Claro que ali no calor da briga você não vai conseguir realizar todas essas possibilidades, a maioria dos inimigos não vai nem aguentar um combo completo. Porém mesmo que você não esteja tentando fazer um, você sente com naturalidade como cada ataque se conecta com o outro. É um dos combates mais divertidos que eu já experimentei nesses anos em que mergulhei nos beat’em ups e cada vez me sinto mais seguro de dizer que é o melhor.
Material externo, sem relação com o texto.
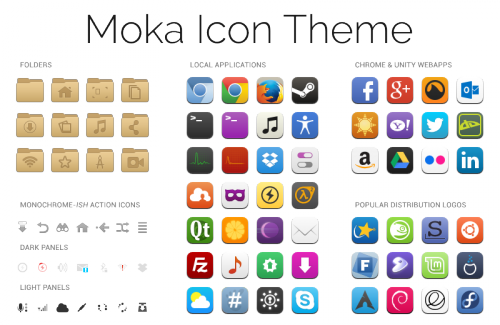 mokaicon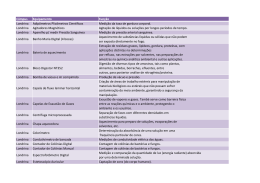 Equipamentos adquiridos pelo C&acirc;mpus Londrina &ndash; PROEQ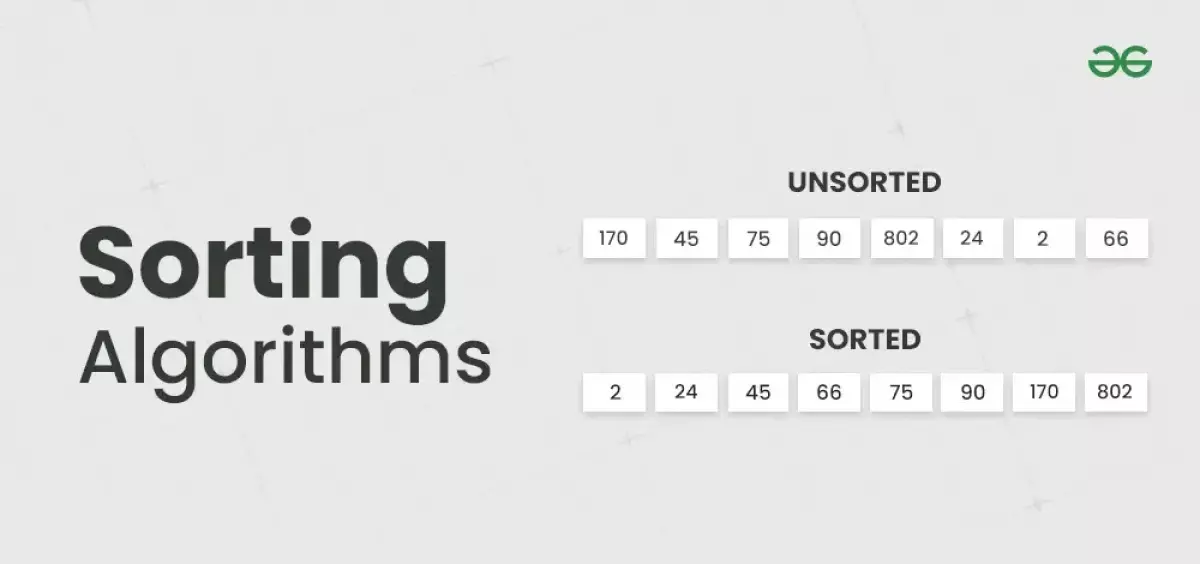sorting-algorithm-banner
Mas algo que me surpreendeu foi o lado narrativo de Fight’N Rage. A história é simples: depois de um desastre que dizima a maior parte da população, o que sobrou da humanidade agora é escravizada por uma raça de mutantes e os protagonistas resolvem pôr um fim nisso. A campanha é linear como todo beat’em up, porém existem diferentes rotas que dependem das bifurcações e escolhas que você toma entre as fases. O começo ilustra isso muito bem porque já no início da fase você pode decidir em fugir da fábrica pela esquerda ou seguir em frente pela direita. No final você encontra o chefão usando uma garota de refém e ameaçando matá-la se seu personagem se aproximar. Caso você esteja segurando uma arma, você pode jogá-la no chefão. Salvando a vítima você abre uma rota alternativa pelos esgotos que vai te levar para uma vila secreta.

Isso dá um valor de replay bem maior para Fight’N Rage porque cada caminho vai levar a um detalhe novo do seu universo, com fases, personagens e diálogos diferentes que culminam em um dos 56 finais possíveis. Ninguém é desocupado louco de concluir cada um deles, até porque as variações não são tão grandes. Você sempre vai terminar no mesmo lugar, lutando contra o mesmo chefão. Porém cria uma sensação mínima de novidade para mitigar essa repetição natural de um beat’em up. As fases também são curtas o bastante para não deixar o jogo enjoativo e te incentivar a começar uma nova campanha e ir por um novo caminho.
Eu não vejo motivos para estender esse texto porque já cobri tudo demais relevante em Fight’N Rage. É um jogo excelente que mostra como o gênero está tão vivo quanto nunca se você souber onde procurar. Uma pena que depois de todos esses anos o Sebastián García não deu sinal que pretende fazer uma sequência, porque o potencial existe ali. Então fica aqui meu apelo por um Fight’N Rage 2. Faça pelo Ricardo!!!